■ TASK PROMPT:
Look for the line that has "Mochila Acuareles Promo - Adaptable a carro" in the material below; please repeat it and every line after it, exactly, up to and including the line that has "Ngay Cả Khi", and nothing else.

■ PROVIDED ENTRIES:
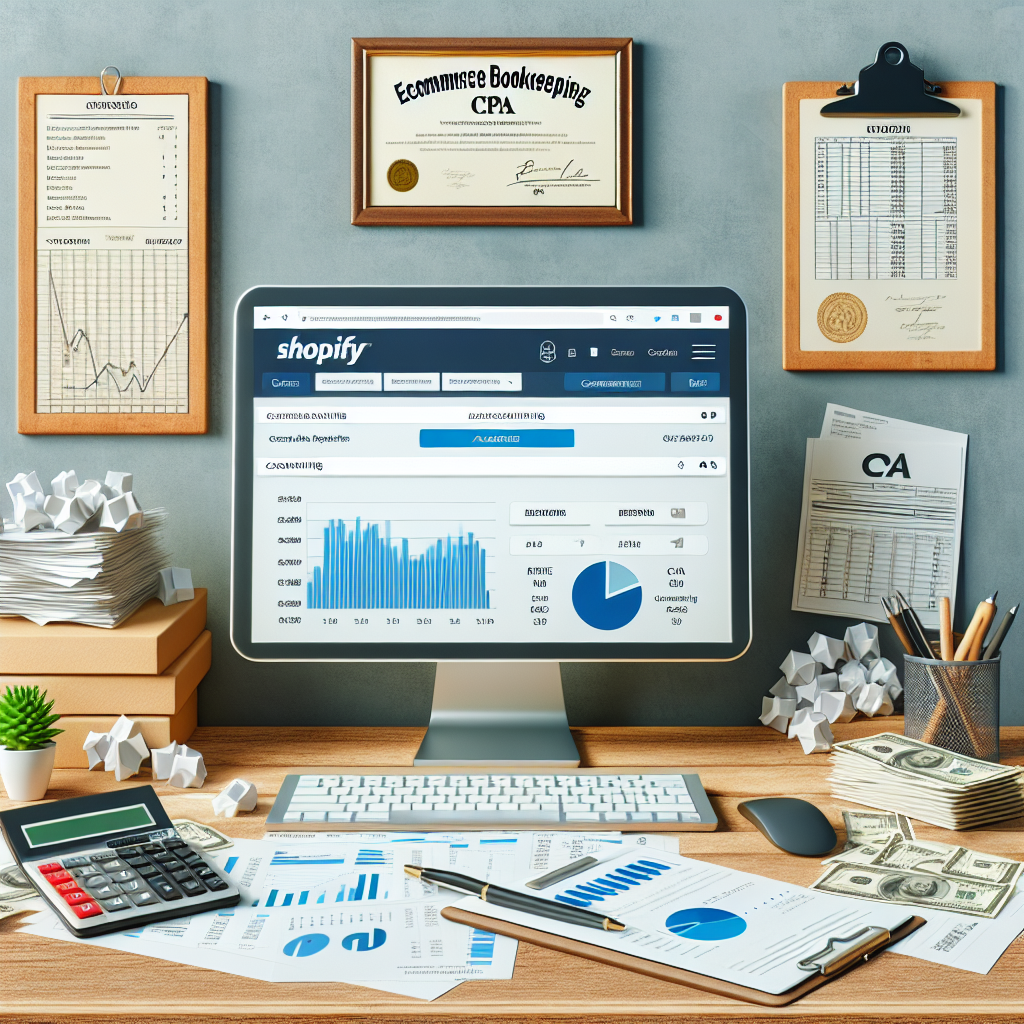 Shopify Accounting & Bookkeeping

* * *

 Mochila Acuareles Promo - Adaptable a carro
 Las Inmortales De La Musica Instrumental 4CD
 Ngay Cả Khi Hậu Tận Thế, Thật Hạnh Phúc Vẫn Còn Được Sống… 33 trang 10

■ WRITTEN SOLUTION:
 Mochila Acuareles Promo - Adaptable a carro
 Las Inmortales De La Musica Instrumental 4CD
 Ngay Cả Khi Hậu Tận Thế, Thật Hạnh Phúc Vẫn Còn Được Sống… 33 trang 10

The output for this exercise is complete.